E.C. “Butch” Minnick rolls a nuclear fuel pellet between his left thumb and forefinger. Then, in the expansive motion of a priest administering the Eucharist, he holds it aloft so onlookers can get a good view. Indeed, there is an aura of miracle to the tiny, metallic cylinder in his hand. No larger than a man’s fingertip and about one-half-inch in diameter, its unassuming size belies its potency.

“This thing will produce as much electricity as one barrel of oil,” says Minnick. He’s the project director of a new fuel technology center in Lynchburg run by The Babcock & Wilcox Co., which is striving to develop the nation’s first utility-scale, small nuclear reactor.

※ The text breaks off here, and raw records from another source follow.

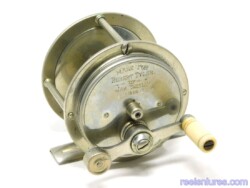 J. Deally Reel - No. 3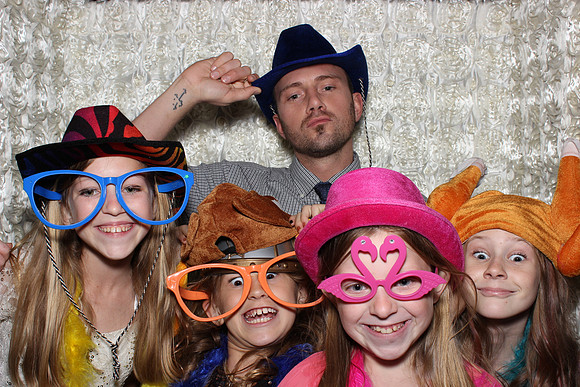 Sacramento Photo Booth Rentals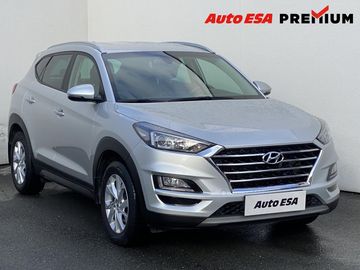 1.6 CRDi 4x4,ČR,Adventure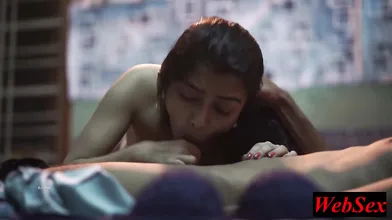 Beautiful Benagli Girl Loves Giving Blowjob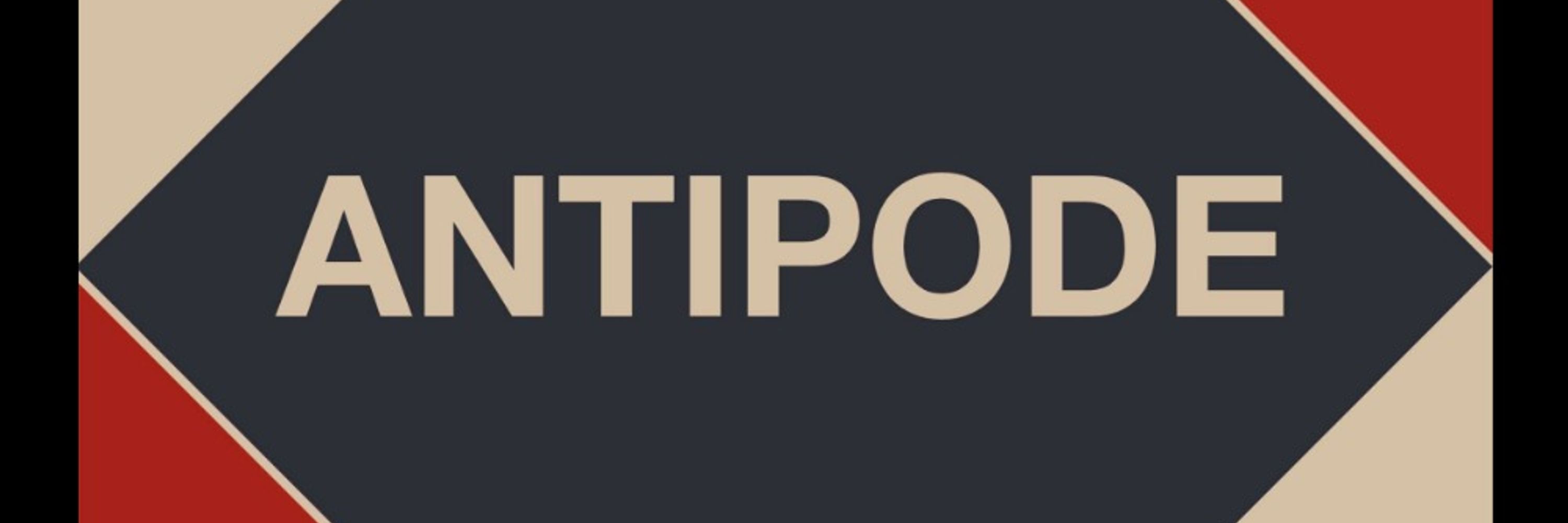 Antipode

Going small is the new “big idea” in nuclear energy, and the nuclear operations group in Lynchburg has enabled B&W to pull ahead in the race to market scaled-down reactors. Thus far, B&W is the only company to receive federal funding from the U.S. Department of Energy to help commercialize its reactor design. The work in Lynchburg is pivotal to bringing the product to market.

During the next five years or so, B&W Virginia employees will oversee the reactor’s design, run extensive engineering tests, develop fuel technologies and license operators to maintain its digital control systems (see sidebar on page 34). B&W, based in Charlotte, N.C., has added facilities in the Lynchburg area and is hiring new engineers and technical crew there specifically to finalize its Generation mPower system.  The goal: create the prototype of a small nuclear reactor that could be mass produced, generate 180 megawatts of electricity — about 15 percent of the output of a large reactor — and run for four years before it needs refueling.

“We’ll be staffing up to a full complement of about 200 people here when all is said and done. We’ve also subcontracted with quite a few suppliers in the Lynchburg area that will reap the economic benefits of this project,” says Christofer Mowry, the 49-year-old president of Generation mPower LLC, a subsidiary B&W set up to commercialize the device.

The fuel pellet is one of several innovations at Minnick’s center, a high-ceilinged, well-lighted warehouse that encompasses more than 10,000 square feet. The place retains a faint odor of old tires, a nod to its former life as a motorcycle repair shop. B&W invested $5 million to convert it to a research facility in 2012.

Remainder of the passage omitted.